Bernard Cornwell’s Richard Sharpe series.
Hugh Howey’s Silo series.
Asimov’s Foundation series.
Grady Hendrix’s Horrorstor.
Bobby Adair’s Slow Burn series.
L. T. Ryan’s Affliction Z series.
How did you decide how to publish your books?
I had one finished book that I’d wanted to publish, and the eBook route seemed worth a shot. But I had no idea of what I was doing initially. I assumed there would be a vetting and editing process, that my submitted MS Word file (to an ePub platform) would be read and approved by a person, not a formatting bot. But of course the site software just converted my file, added the cover I’d included, and it went live a short time later. Maybe if I’d known what the odds were against success, and how literally nobody would read it for 2 years, I might have had second thoughts.
After a year I posted my three titles (by then) at two additional ePub retail platforms. But there was no change.
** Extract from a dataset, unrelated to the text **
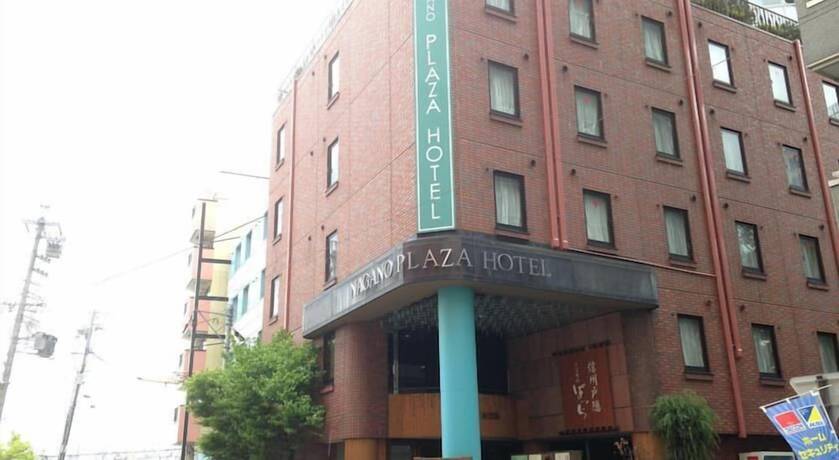 Imagen general del Hotel Nagano Plaza. Foto 1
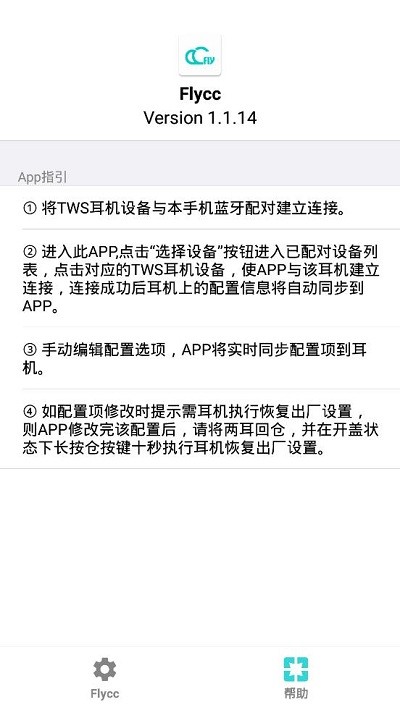 悦虎flycc官网下载  v2.0.5图2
Six months later I cancelled all that, learned Kindle formatting, and submitted to Amazon. I immediately had a handful of downloads each month, which continued moderately increasing. Recently I started receiving a handful of reviews on my books, which temporarily resulted in a bump in downloads for each title. But that’s dropped off now, and I’m back where I started, with very few downloads per week. And that’s where I stand now. Promotion is clearly a work-in-progress.
What do you think about the future of book publishing?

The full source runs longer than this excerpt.